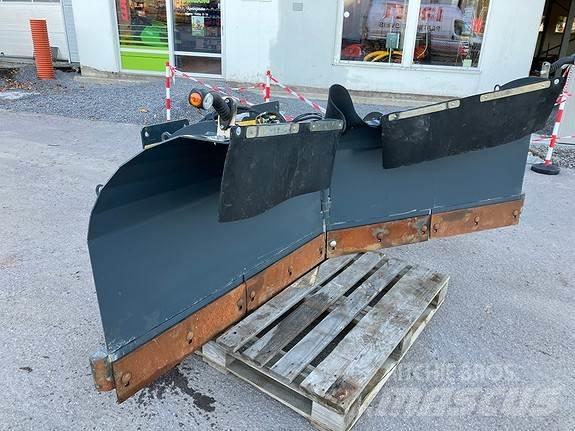 Stark NL2800R Εκχιονιστήρες και χιονοδιώχτες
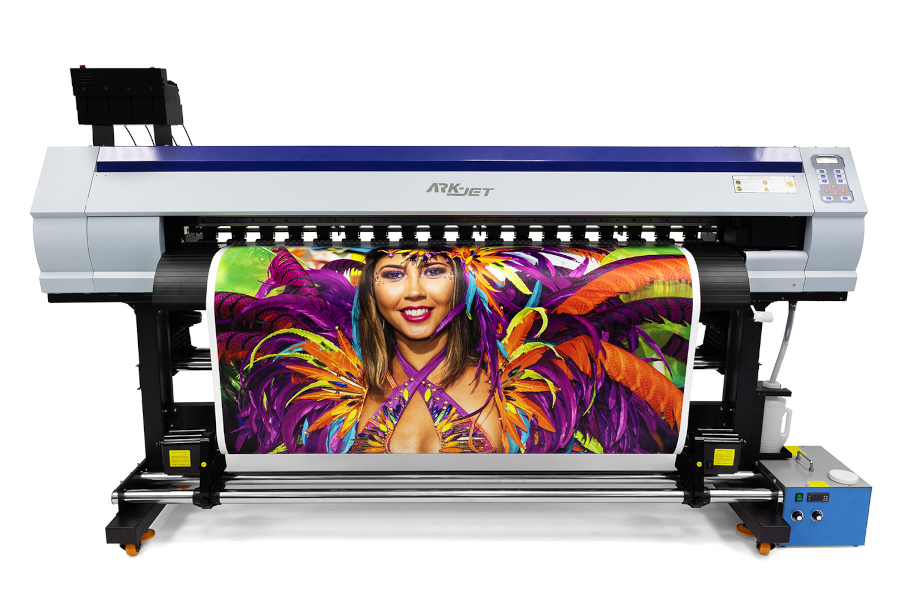 Ark-Jet UV 1803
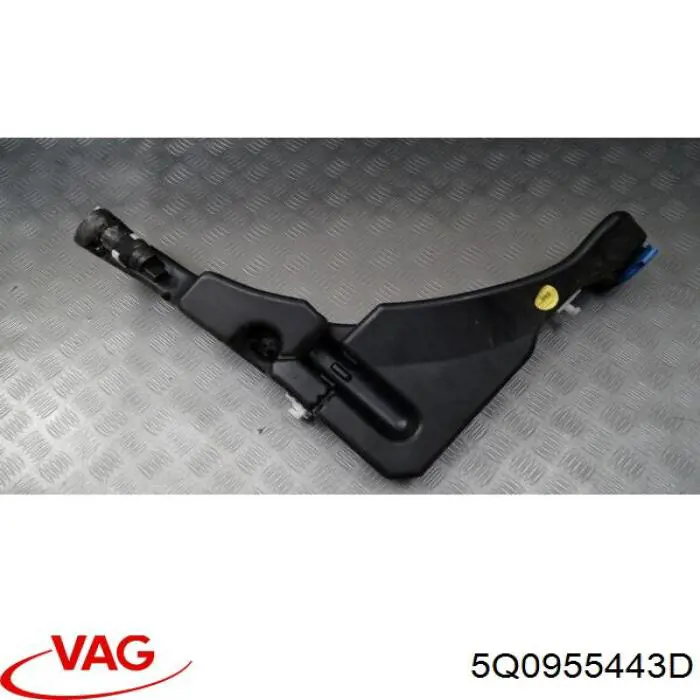 Comprar 5Q0955443D VAG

****

*WHAT NEEDS TO BE DONE*.
In transcribing the lines above, omit the images and keep all else exact.

*SOLVED PROBLEM*.
 Stark NL2800R Εκχιονιστήρες και χιονοδιώχτες
 Ark-Jet UV 1803
 Comprar 5Q0955443D VAG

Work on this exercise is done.